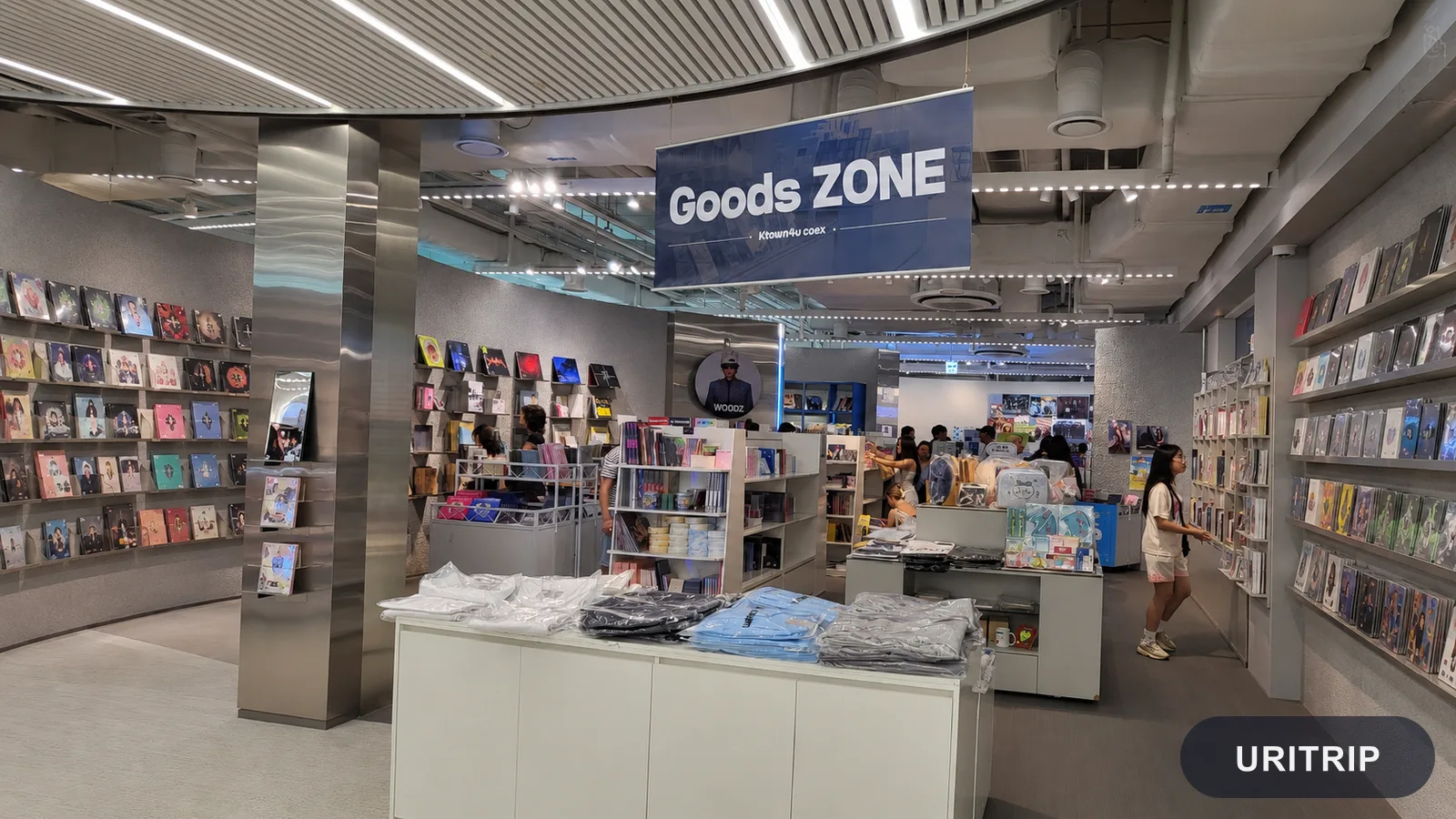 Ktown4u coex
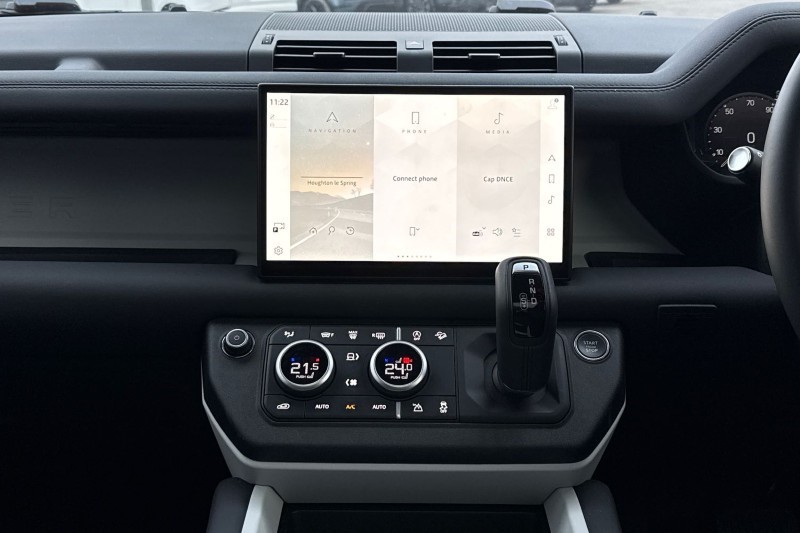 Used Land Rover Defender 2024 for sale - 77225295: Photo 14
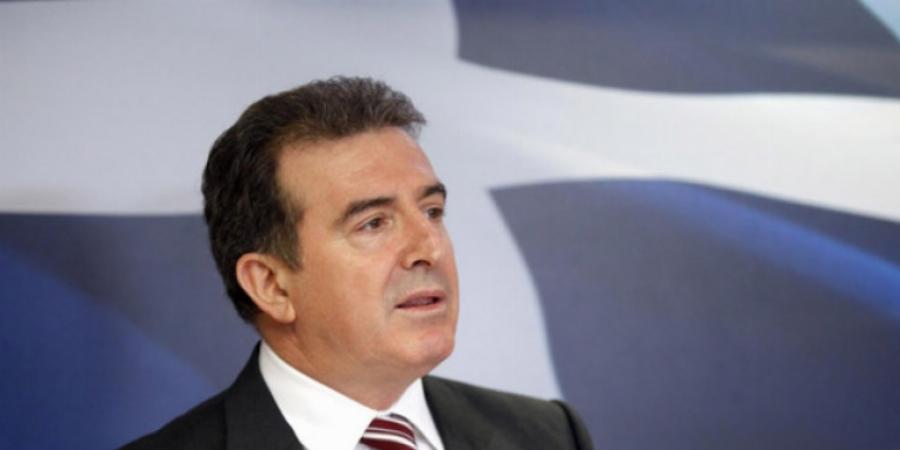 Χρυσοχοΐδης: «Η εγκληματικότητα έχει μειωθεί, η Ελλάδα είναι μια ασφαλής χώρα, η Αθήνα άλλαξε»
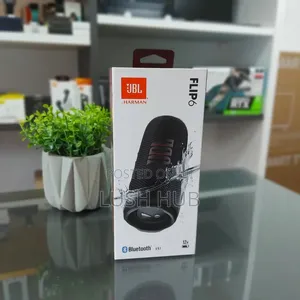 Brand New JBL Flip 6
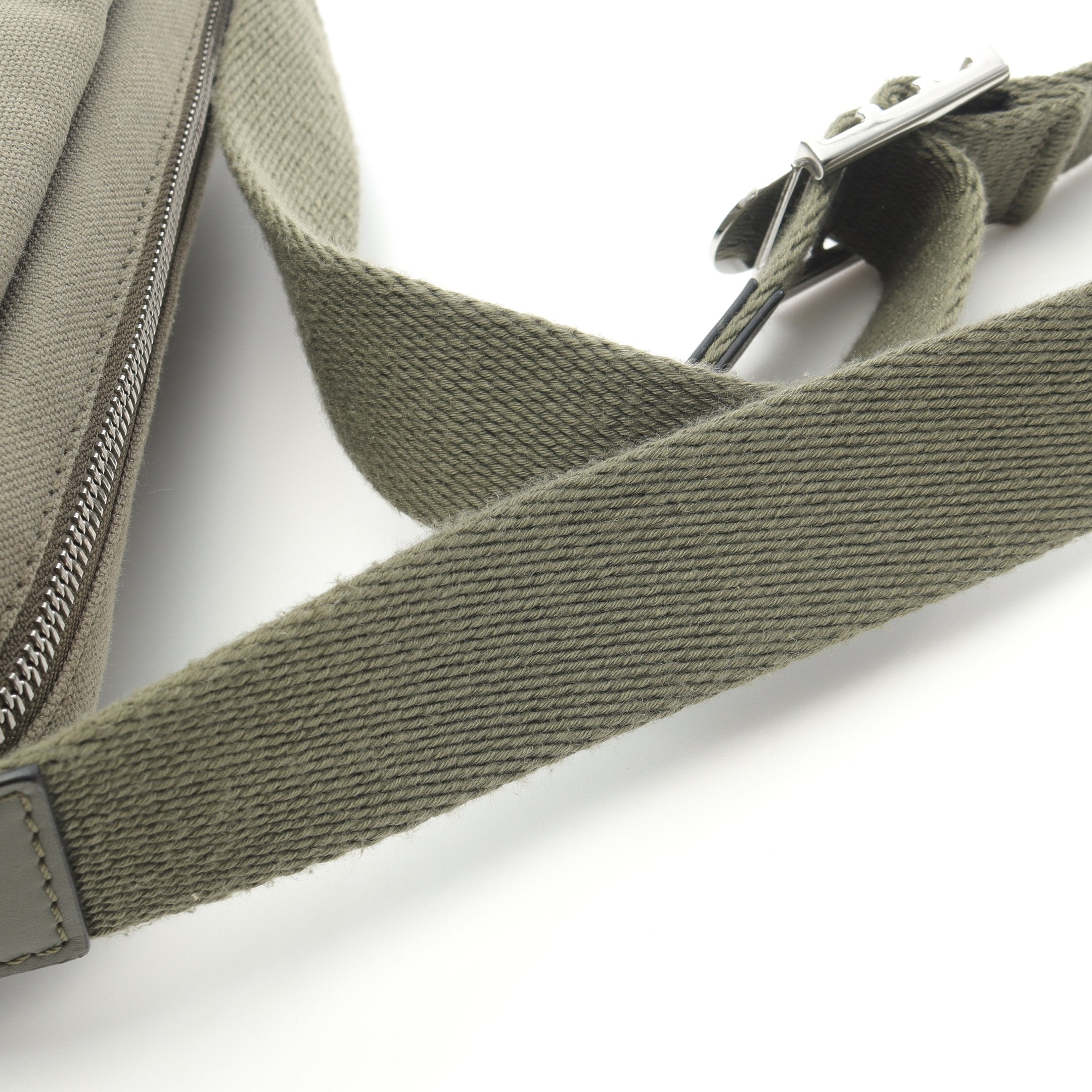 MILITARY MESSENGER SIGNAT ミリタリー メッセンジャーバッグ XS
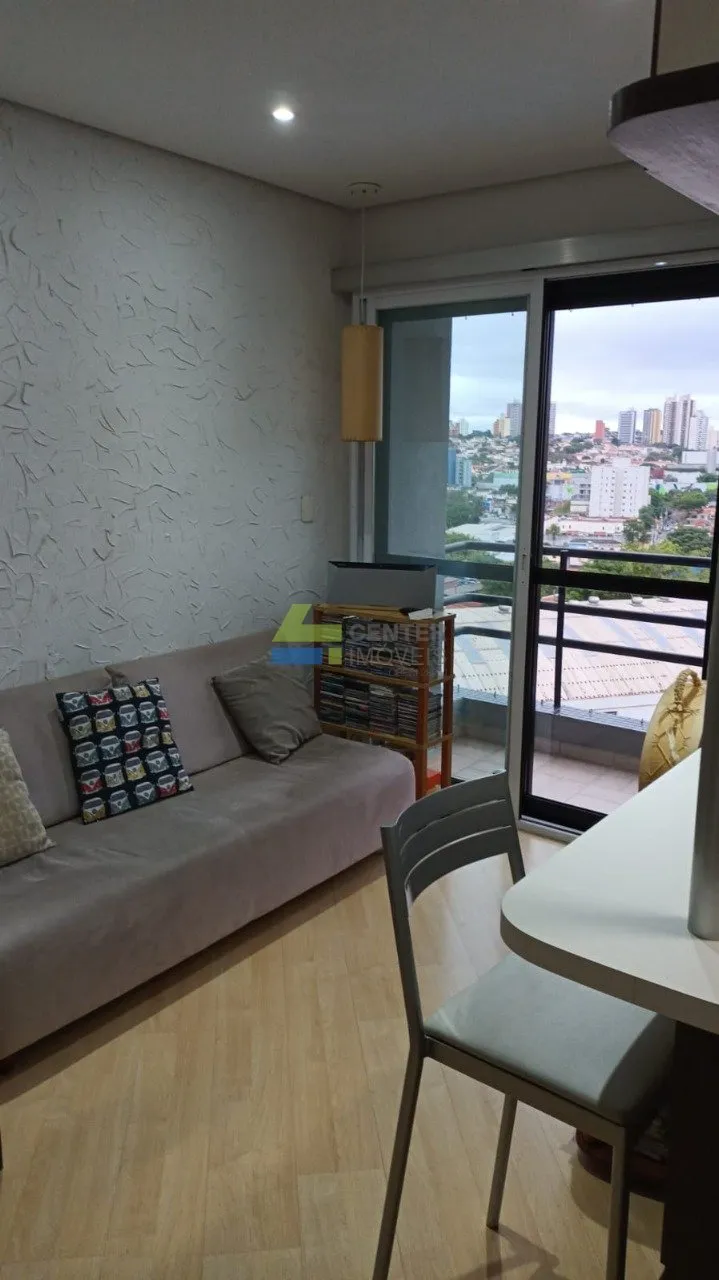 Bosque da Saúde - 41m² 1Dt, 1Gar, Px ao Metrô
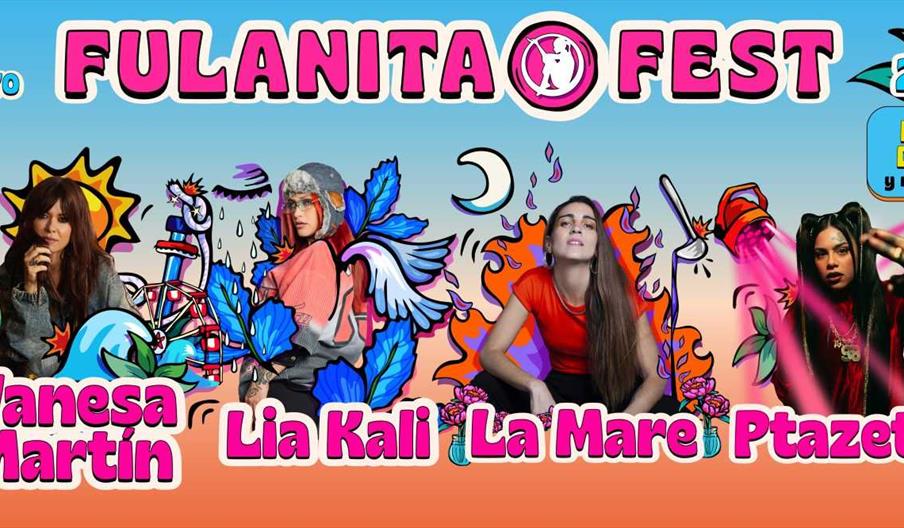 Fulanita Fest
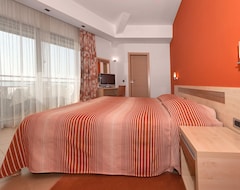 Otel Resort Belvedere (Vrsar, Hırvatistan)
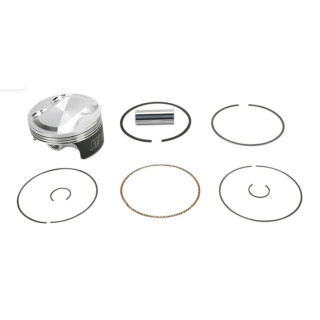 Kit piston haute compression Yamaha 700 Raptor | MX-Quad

┄┄┄┄┄┄

- Your objective
Skipping all pictures, set the listing down exactly as written.

- Solution below
 Ktown4u coex
 Used Land Rover Defender 2024 for sale - 77225295: Photo 14
 Χρυσοχοΐδης: «Η εγκληματικότητα έχει μειωθεί, η Ελλάδα είναι μια ασφαλής χώρα, η Αθήνα άλλαξε»
 Brand New JBL Flip 6
 MILITARY MESSENGER SIGNAT ミリタリー メッセンジャーバッグ XS
 Bosque da Saúde - 41m² 1Dt, 1Gar, Px ao Metrô
 Fulanita Fest
 Otel Resort Belvedere (Vrsar, Hırvatistan)
 Kit piston haute compression Yamaha 700 Raptor | MX-Quad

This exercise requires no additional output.